<<<<
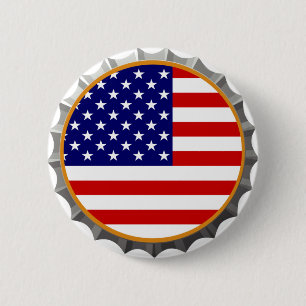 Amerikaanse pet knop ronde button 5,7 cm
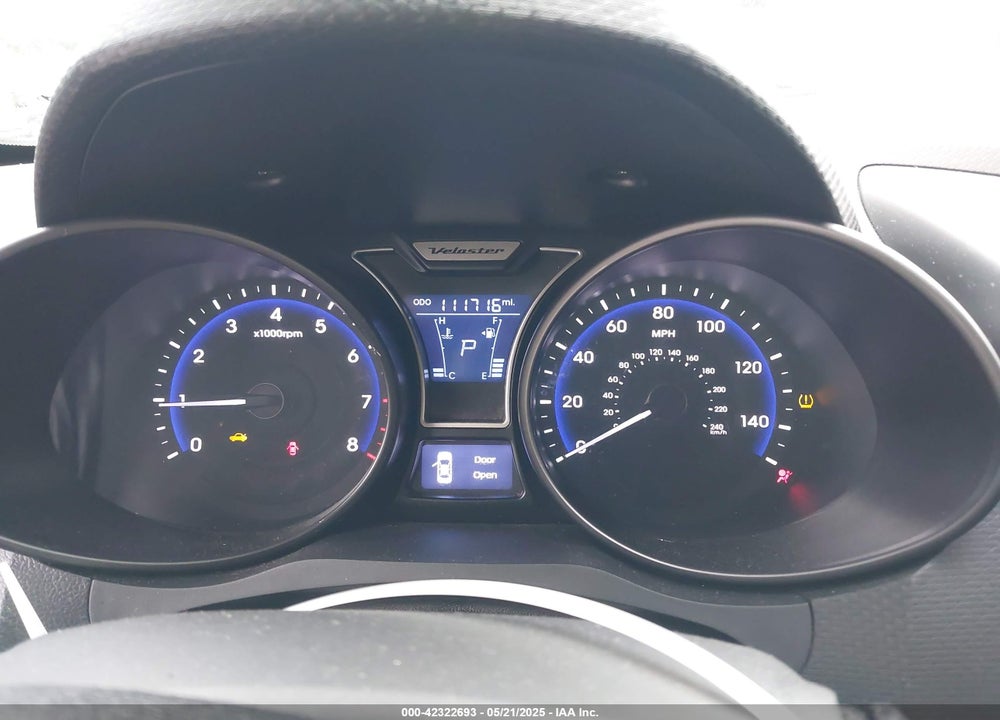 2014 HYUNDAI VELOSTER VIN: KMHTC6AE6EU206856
>>>>
<<<<
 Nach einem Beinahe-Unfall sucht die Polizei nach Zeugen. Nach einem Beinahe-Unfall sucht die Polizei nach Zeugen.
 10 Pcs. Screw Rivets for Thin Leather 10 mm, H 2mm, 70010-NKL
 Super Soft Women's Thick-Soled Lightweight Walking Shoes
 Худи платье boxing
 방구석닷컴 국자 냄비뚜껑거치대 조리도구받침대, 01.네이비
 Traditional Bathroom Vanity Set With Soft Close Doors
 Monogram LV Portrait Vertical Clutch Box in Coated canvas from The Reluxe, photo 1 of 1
>>>>
<<<<
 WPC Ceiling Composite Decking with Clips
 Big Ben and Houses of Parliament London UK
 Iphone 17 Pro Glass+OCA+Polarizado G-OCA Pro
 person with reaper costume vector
>>>>
The answer must be a single number: how many lines of the data include the string "Soft".

### Task response:
2